Alice Ann Munro (née Laidlaw; 10 July 1931 – 13 May 2024) was a renowned Canadian short story writer, often hailed as the "master of the contemporary short story." She was awarded the Nobel Prize in Literature in 2013.
Munro's fiction primarily takes place in her native Huron County in southwestern Ontario. Her stories intricately explore human complexities through a simple yet meticulous prose style. Her celebrated works include Dance of the Happy Shades (1968) and The Moons of Jupiter (1982). Over her career, Munro was a three-time winner of Canada's Governor General's Award for Fiction.
In addition to the Nobel Prize, she received the Man Booker International Prize in 2009 for her lifetime body of work. Munro's stories often move forward and backward in time and are published in esteemed publications like The New Yorker, The Atlantic, and The Paris Review.
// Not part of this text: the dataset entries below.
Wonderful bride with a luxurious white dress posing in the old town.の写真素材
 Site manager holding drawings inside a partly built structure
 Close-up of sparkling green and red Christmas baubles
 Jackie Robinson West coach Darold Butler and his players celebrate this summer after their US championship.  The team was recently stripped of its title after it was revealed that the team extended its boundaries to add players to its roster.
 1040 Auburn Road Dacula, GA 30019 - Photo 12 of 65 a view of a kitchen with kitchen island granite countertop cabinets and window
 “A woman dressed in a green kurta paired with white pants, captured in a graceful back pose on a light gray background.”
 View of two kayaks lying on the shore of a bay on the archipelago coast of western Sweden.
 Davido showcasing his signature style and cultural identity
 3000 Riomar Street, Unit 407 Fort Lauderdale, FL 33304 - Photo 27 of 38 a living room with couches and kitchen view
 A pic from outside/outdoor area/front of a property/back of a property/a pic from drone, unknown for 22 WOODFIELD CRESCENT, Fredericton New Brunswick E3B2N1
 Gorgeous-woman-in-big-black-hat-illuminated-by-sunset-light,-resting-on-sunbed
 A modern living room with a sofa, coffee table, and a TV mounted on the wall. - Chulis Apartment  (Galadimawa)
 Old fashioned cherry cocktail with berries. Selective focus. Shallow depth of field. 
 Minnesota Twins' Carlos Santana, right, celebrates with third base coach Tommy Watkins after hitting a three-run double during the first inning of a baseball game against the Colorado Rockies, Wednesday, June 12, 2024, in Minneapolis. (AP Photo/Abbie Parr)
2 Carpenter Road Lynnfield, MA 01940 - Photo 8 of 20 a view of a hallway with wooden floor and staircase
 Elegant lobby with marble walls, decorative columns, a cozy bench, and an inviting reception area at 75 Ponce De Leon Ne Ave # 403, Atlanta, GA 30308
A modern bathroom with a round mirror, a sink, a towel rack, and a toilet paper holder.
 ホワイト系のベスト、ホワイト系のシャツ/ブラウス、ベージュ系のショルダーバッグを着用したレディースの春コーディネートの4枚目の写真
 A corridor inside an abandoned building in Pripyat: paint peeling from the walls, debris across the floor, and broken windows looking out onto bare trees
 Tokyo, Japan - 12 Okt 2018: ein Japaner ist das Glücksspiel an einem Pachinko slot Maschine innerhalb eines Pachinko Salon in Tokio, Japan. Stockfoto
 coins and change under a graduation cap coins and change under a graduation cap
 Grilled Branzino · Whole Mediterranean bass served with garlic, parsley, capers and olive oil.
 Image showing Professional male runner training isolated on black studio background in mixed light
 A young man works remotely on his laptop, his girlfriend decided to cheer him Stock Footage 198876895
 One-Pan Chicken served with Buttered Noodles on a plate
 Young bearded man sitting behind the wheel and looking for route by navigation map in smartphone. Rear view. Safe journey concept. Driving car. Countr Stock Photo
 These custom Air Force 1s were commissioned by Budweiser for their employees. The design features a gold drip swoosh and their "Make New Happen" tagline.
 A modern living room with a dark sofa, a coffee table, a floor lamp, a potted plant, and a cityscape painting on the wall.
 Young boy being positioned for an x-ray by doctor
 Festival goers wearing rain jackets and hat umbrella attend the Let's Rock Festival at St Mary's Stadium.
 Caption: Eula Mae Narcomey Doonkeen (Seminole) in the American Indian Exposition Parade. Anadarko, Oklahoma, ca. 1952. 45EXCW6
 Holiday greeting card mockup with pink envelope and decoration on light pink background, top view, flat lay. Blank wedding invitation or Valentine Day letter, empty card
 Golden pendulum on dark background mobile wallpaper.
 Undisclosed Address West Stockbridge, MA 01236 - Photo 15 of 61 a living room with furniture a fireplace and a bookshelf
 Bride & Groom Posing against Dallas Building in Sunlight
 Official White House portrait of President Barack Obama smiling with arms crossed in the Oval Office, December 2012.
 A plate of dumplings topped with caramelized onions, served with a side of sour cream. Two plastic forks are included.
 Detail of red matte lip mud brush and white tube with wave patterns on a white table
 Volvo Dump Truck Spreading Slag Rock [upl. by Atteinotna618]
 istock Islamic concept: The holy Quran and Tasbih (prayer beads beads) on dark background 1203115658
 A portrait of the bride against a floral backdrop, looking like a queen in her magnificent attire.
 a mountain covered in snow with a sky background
Her story collection, Runaway, won the 2004 Rogers Writers' Trust Fiction Prize.
Her only novel, Lives of Girls and Women, was published in 1971. Munro's story "The Bear Came Over the Mountain" was adapted into the Academy Award-winning film Away from Her. Munro retired from writing in 2013. She has also been the recipient of the National Book Critics Circle Award, the W.H. Smith Award, and several other prestigious honors.